His early success in Division II made him a prime candidate to transfer to a Division I school, but Sigman fell in love with Omaha and elected to stay.

"It would be nice to measure myself against some of those guys in DI," he said, "but I've really enjoyed my career here. Plus I've gotten a chance to wrestle a lot of the top DI guys at the Midlands and (Nebraska-Omaha's) Kaufman-Brand Open."

Sigman hopes to become the first wrestler in Nebraska-Omaha's rich history to win it all four times.

"I try not to think about it too much, but it obviously would be a great accomplishment," Sigman said. "It's so hard to do because you have to stay healthy and stay consistent.

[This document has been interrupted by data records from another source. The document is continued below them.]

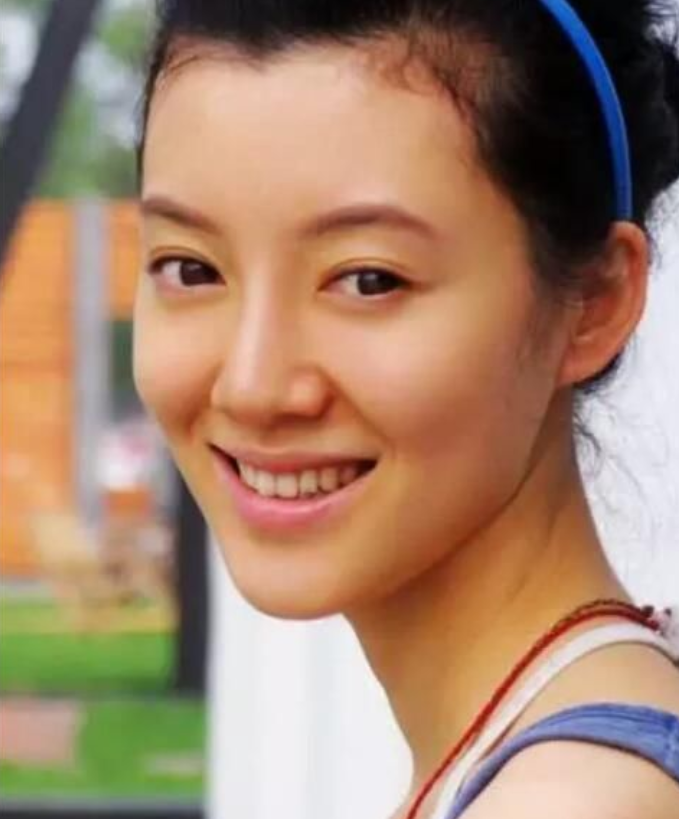 车晓仳离原因 车晓跟谁结过婚 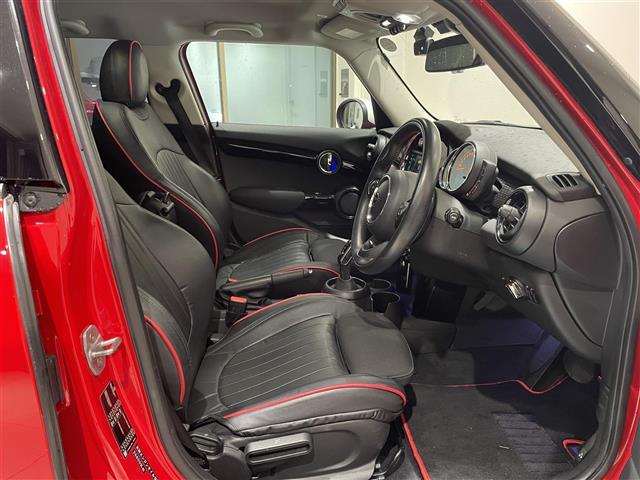 ＭＩＮＩ クーパーＳ　ペッパーＰＫＧ　前席ＣＡＢＡＮＡシートカバー　ＬＣＩモデル　ジョンクーパーワークスステアリング　純正ナビ　Ｂｌｕｅｔｏｏｔｈ　バックカメラ　カロッツェリアフルセグＴＶキット　インテリジェントセーフティ（10枚目）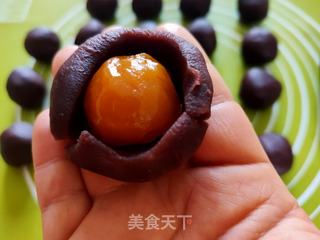 蛋黄酥的做法步骤:6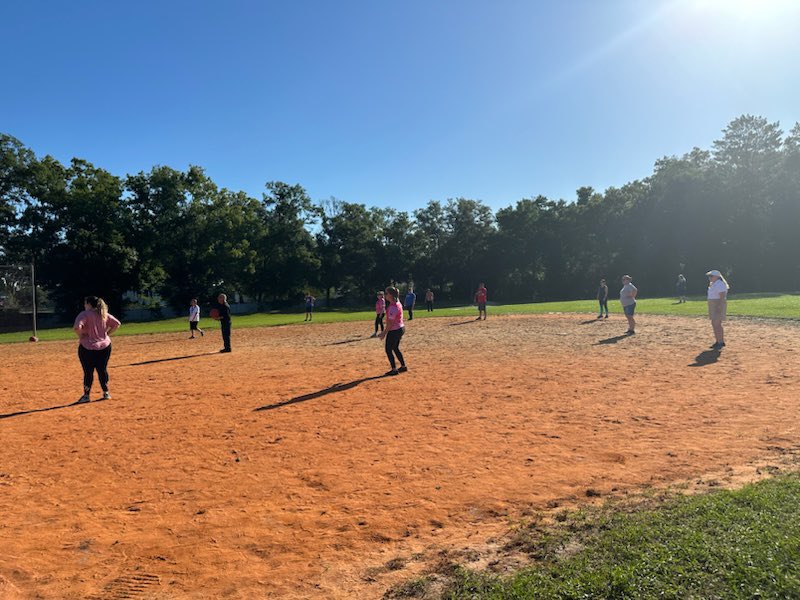 MCPSWellnessPE's tweet photo. Beautiful day for a Faculty v. 5th grade Kickball matchup @HVEDolphins Mrs. Baxley was the ringer today! #ImaFANhve @dixonk2019 @MCPS_Elementary @RoyFansFL @LivengoodDC https://t.co/PdegiAFGE7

The best part for me has been winning two national team titles. That's what it's all about - winning as a team."

When the quiet, soft-spoken Sigman wins - whether it's in an open tournament in November or in the national finals - he shows little emotion and simply slowly walks off the mat.

"Les is a class act all the way," UNO coach Mike Denney said. "He's not a guy who pumps his fist or jumps up and down, even when he wins a national title. There's certainly no arrogance about him at all. He's so humble. In this day and age, you don't see kids like that very often."

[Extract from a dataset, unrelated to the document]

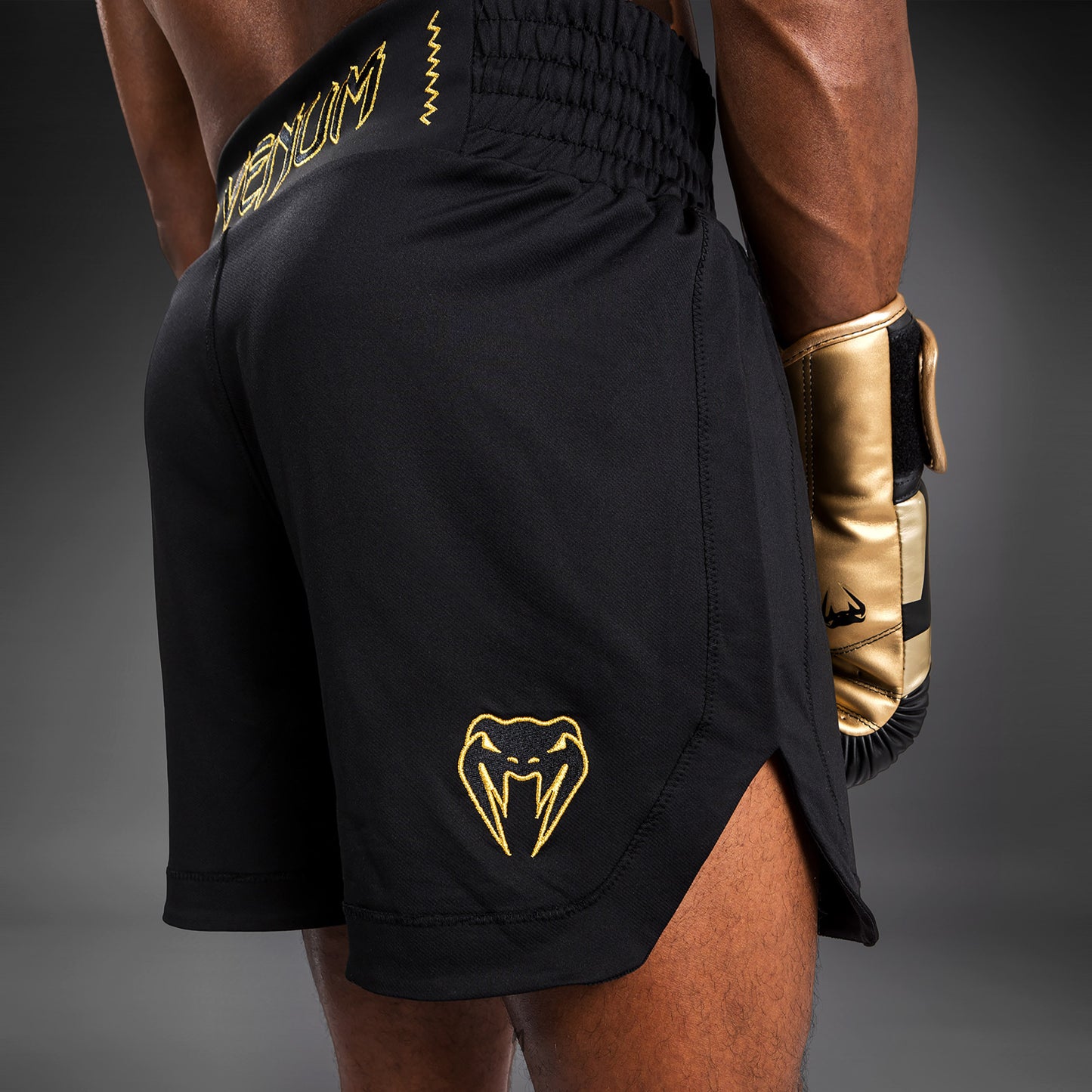 Venum Classic Boksshort - Zwart/Goud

Sigman has developed a penchant for delivering in big matches. Needing a win in the final bout of the 2004 national meet to give the Mavericks the team title, Sigman won at heavyweight to push Nebraska-Omaha past top-ranked North Dakota State.

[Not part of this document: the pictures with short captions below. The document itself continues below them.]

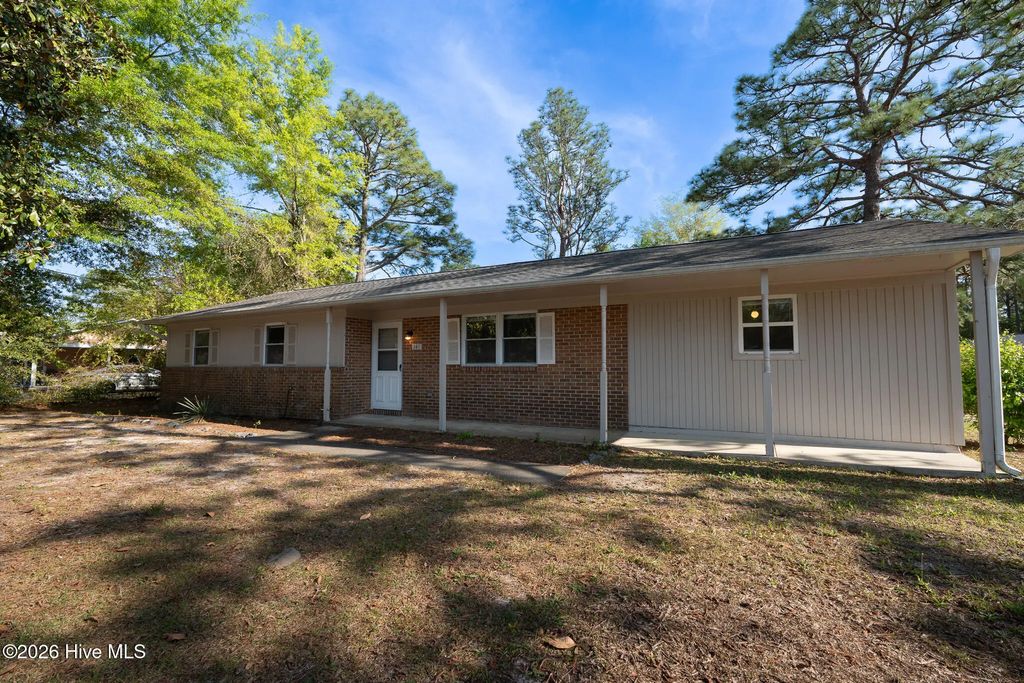 341 Lancaster Road, Wilmington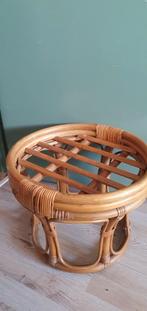 Rotan poefje/tafeltje, Ophalen of Verzenden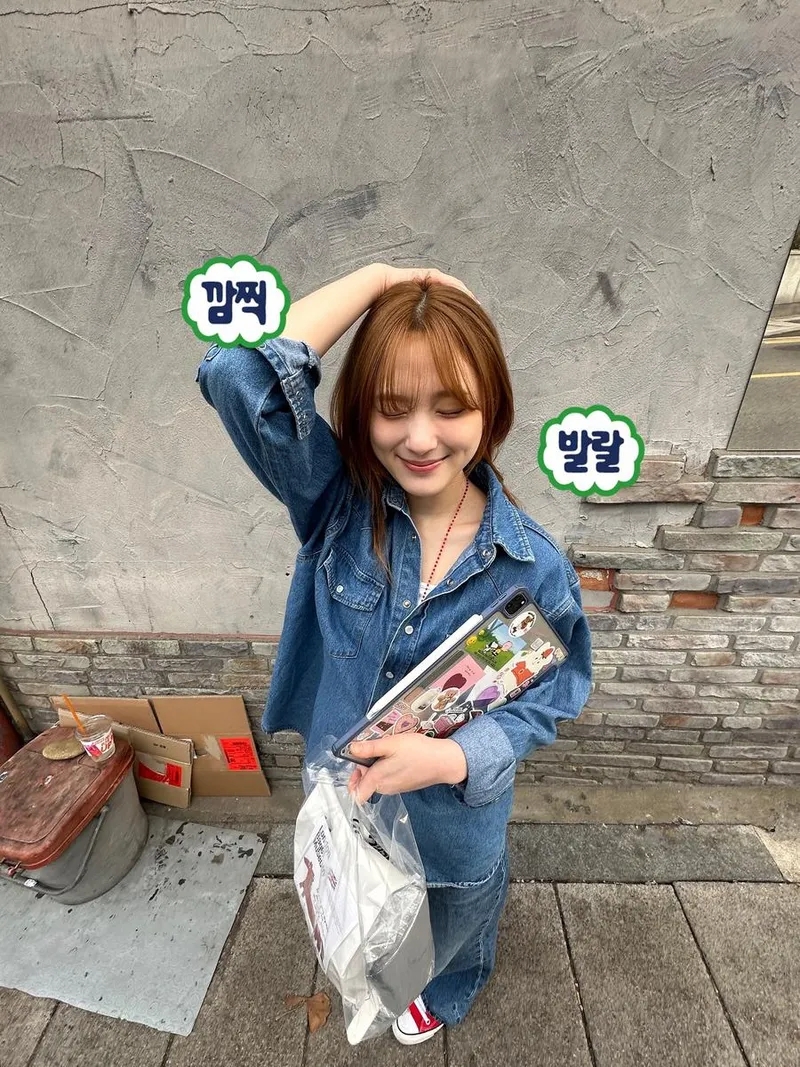 “벌써 6월의 소리가 들려”…이젤, 눈감은 미소→잔잔한 여름 전율 / 가수 이젤 인스타그램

The 2005 NCAA meet also came down to the end. The Mavs clinched the team title in the second-to-last bout when Augustana's Tim Boldt fell to Shippensburg's Corey Jacoby at 197.

"I think Les was a little disappointed when Boldt didn't win," UNO assistant coach Ron Higdon said. "He wanted the team race to come down to his match again. He absolutely loves big matches and thrives in pressure situations."

Sigman has a knack for beating opponents worse each time he faces them. He makes a seven-minute match seem more like seven hours to opponents with his pressuring style that is built on superior conditioning.

He seems to become stronger as the match wears on, forcing opponents to wilt in the third period.

In three bouts with Tuscherer last year, Sigman won 1-0, 6-2 and 18-4.

"Les just owns the third period," said Marc Bauer, the coach at the University of Nebraska at Kearney. "His conditioning is so good that he just intimidates guys. He puts a lot of doubts in your mind when he wears you out. That's in the back of your mind when you face him again."

Sigman is still undecided on his future, but many coaches think he would thrive internationally in freestyle.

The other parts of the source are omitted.